So, I was studying the norm and its dual in the book Convexity and Optimization in Finite Dimensions I and I came across a sort of theorem and had problem understanding it. I would appreciate if somebody helped me understand it:
For every compact convex set $K\subset \mathbb{R}^{n}$ of dimension $n$, which contains the origin in its interior, there is precisely one norm $p$ such that $K=B_p$, where $B_p=\{x\in \mathbb{R}^{n}:p(x) \le 1\}$ is a norm body and $p$ is a norm.
Proof:
Put $$p(x)=\inf \left\lbrace \rho\ge 0:\frac{1}{\rho}x\in K \right\rbrace .$$ Clearly, $p(x)\le 1$ if and only if $x\in K$. Thus, $K=B_p$, provided $p$ is a norm. To prove this, we first show that $p$ is finite on $\mathbb{R}^{n}$. Assume that $p(x)=\infty$.

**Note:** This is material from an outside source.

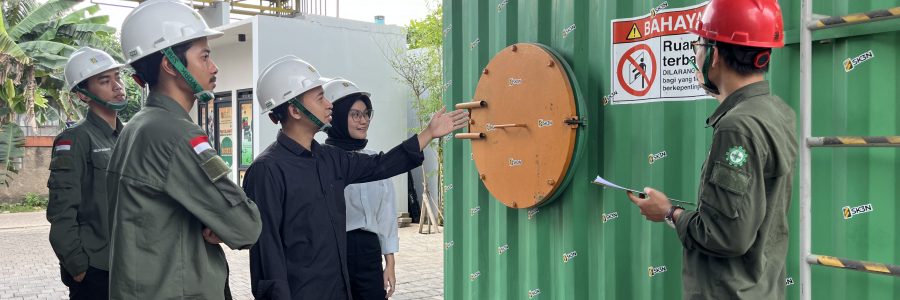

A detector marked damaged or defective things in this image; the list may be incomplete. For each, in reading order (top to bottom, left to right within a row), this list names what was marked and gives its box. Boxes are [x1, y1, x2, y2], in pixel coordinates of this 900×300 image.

Then, $\frac{1}{\rho}x\notin K$ for all $\rho>0$, which contradicts the fact that $0$ lies in the proper interior of $K$. Trivially, $p(x)\ge 0$ and $p(\lambda x)=\lambda p(x)$ for $\lambda\ge 0$. If $p(x)=0$, then $\{\lambda x:\lambda \ge 0\}\subseteq K$. Therefore, $x=0$, as $K$ is bounded.
Finally, $$\frac{p(x_1+x_2)}{p(x_1)+p(x_2)}=p\left( \frac{p(x_1)}{p(x_1)+p(x_2)}.\frac{x_1}{p(x_1)}+\frac{p(x_2)}{p(x_1)+p(x_2)}.\frac{x_2}{p(x_2)}\right)\le 1,$$
since the argument of $p$ in the middle term above belongs to $K$ by convexity.

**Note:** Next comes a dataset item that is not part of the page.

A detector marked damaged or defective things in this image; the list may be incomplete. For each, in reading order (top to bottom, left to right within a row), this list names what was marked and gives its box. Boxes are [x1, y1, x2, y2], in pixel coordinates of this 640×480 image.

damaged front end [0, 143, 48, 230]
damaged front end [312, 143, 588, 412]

Here are what I have problem understanding:
- Clearly, $p(x)\le 1$ if and only if $x\in K$. Like how?
- Assume that $p(x)=\infty$.
Then, $\frac{1}{\rho}x\notin K$ for all $\rho>0$. Again, how? - Trivially, $p(x)\ge 0$. Is it by definition of $p(x)$?
- If $p(x)=0$, then $\{\lambda x:\lambda \ge 0\}\subseteq K$. Therefore, $x=0$, as $K$ is bounded. Didn't understand the whole thing.
- The argument of $p$. What is argument of $p$?(embarrassing, I know.)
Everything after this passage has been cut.